The present invention relates to a method of forming a bottom source-drain for vertical field-effect transistors and the vertical field-effect transistors formed therefrom.
In a conventional field-effect transistor (FET), the source, the drain, and the gate electrodes are arranged on the same major surface of a semiconductor, where the gate voltage controls current flow in a direction parallel to the major surface of the semiconductor that extends between the source and drain. The performance of a conventional FET depends on the doping profile, the quality of the material proximate the surface (i.e., the active layer), and the geometry of the device.
In some applications, for example, where high power capability is desired, multiple conventional FET devices are connected in parallel with one another. Because all three of the source, the drain, and the gate electrodes of each respective conventional FET are located on the same surface, relatively complicated crossover metallization patterns are required to effect the parallel connections.
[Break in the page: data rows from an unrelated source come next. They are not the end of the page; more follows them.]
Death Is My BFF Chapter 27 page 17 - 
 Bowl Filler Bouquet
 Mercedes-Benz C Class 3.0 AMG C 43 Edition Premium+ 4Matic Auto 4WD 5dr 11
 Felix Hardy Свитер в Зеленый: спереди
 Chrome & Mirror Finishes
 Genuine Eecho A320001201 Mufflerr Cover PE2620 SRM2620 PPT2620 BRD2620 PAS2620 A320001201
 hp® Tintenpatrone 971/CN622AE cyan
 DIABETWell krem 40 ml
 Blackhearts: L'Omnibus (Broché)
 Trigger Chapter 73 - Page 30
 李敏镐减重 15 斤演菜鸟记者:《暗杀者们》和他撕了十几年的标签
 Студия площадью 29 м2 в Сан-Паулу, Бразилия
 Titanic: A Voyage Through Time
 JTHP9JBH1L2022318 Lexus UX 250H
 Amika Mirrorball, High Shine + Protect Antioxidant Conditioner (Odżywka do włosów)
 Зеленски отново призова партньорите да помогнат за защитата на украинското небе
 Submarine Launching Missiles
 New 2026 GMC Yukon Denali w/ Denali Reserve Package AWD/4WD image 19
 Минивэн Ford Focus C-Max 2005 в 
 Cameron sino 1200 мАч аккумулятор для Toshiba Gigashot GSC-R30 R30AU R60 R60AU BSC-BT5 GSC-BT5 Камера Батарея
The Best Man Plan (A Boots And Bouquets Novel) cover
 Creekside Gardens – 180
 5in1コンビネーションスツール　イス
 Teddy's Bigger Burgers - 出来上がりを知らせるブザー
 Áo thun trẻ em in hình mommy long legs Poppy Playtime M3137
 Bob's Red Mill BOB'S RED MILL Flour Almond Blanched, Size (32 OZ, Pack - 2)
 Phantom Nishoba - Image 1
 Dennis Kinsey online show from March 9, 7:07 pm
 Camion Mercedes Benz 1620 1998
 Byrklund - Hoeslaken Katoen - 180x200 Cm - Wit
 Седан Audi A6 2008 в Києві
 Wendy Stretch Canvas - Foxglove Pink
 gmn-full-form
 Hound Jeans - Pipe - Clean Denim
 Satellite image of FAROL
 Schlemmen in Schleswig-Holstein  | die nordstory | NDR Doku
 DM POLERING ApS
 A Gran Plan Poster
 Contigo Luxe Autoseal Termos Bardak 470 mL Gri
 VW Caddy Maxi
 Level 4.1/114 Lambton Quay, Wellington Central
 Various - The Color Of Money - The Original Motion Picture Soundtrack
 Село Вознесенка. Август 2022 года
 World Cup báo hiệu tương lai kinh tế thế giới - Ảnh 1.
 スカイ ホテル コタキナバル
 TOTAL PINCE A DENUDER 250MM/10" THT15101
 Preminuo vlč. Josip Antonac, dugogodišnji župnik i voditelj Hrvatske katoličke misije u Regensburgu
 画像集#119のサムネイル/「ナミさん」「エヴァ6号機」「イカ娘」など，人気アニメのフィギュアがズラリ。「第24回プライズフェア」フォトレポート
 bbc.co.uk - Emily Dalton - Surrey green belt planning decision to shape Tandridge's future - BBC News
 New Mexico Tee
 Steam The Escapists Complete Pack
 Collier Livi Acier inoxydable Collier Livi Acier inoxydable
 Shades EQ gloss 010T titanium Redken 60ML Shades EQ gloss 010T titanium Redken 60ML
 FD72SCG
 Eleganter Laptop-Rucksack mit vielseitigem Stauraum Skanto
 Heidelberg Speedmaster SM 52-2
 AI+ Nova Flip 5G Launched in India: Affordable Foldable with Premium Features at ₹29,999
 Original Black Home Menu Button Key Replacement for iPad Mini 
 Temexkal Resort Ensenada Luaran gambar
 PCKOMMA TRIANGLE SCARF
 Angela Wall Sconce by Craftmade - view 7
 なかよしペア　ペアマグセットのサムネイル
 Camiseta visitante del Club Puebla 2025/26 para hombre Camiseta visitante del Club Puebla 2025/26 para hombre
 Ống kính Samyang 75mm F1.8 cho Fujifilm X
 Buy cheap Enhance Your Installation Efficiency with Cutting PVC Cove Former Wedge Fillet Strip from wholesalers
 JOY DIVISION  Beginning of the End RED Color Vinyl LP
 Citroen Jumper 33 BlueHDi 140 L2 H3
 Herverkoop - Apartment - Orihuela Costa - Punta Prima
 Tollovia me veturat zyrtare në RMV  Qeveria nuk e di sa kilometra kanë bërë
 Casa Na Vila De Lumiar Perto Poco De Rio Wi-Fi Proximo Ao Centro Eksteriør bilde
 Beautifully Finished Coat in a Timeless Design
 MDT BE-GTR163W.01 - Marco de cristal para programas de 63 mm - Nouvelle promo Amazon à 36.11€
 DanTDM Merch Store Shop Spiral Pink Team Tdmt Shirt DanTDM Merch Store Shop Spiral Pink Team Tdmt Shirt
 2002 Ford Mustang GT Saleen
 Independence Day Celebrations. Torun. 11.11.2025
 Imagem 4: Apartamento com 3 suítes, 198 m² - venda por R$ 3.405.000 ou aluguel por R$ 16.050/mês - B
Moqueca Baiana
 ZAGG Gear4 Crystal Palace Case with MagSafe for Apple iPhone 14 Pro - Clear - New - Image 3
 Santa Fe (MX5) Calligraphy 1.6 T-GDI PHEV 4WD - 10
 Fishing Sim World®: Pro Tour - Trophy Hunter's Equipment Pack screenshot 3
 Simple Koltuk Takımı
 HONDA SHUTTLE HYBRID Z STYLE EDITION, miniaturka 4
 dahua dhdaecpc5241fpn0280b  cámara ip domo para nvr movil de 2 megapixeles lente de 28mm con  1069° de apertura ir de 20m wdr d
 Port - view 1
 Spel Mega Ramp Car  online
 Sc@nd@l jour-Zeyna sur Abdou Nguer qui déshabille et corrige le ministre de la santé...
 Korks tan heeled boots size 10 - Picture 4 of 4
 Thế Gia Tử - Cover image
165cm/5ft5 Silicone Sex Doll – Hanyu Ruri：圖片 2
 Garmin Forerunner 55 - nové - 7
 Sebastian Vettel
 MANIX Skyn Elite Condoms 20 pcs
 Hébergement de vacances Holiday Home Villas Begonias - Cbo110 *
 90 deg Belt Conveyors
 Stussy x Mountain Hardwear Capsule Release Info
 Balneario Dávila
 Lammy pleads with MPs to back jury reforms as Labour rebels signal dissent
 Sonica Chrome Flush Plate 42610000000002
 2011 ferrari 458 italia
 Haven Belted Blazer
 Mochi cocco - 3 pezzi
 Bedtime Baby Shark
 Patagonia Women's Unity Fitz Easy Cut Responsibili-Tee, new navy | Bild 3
In order to overcome some of these drawbacks, vertical FETs were developed. In contrast to conventional FETs, in vertical FET devices, the source to drain current flows in a direction perpendicular to the major surface of the semiconductor. For example, if the substrate surface is made horizontal, then the vertical FET is typically a vertical pillar with the drain and source being the top and bottom portion of the pillar. One of the main advantages of the vertical FET is that the channel length is not defined by lithography, but rather by methods such as epitaxial growth or layer deposition, which can provide good thickness control even at nanometer dimensions.